Bryony Duus

Personal information
- Date of birth: 7 October 1977 (age 47)
- Place of birth: Australia
- Position(s): Midfielder

Youth career
- Coalstars

Senior career*
- Years: Team / Apps / (Gls)
- 1996: Queensland Academy of Sport
- 2000–2004: Queensland Sting

International career
- 1996–2004: Australia / 47 / (2)

= Bryony Duus =

Australian soccer player and coach

Bryony Duus (born 7 October 1977) is an Australian soccer coach and former midfielder for the Australia women's national soccer team.

== Life ==
Duus grew up in Ipswich, Queensland where she played football for Coalstars and Ipswich Girls Grammar School.

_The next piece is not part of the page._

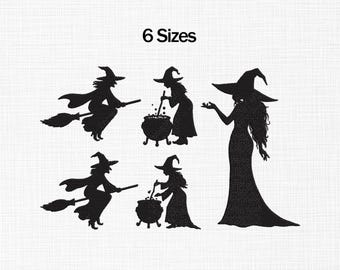 Witch Embroidery Design, Mini Witch Embroidery, Witch Silhouette Embroidery Set, Halloween Witch Embroidery Design, Witch Fill stich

Duus was part of the Queensland Academy of Sport and Australian Institute of Sport women's football programs, before going on to play in the national championships for the Queensland Sting.

She competed at the 2000 Summer Olympics and 2003 FIFA Women's World Cup.

She is the current U17 coach and Senior Women assistant coach at Western Pride FC, having been invited to the club by her former international teammate Belinda Kitching.

Having learned Italian, Duus joined the AIS European Training Centre in a logistics role after a persistent knee injury prevented her from continuing her playing career.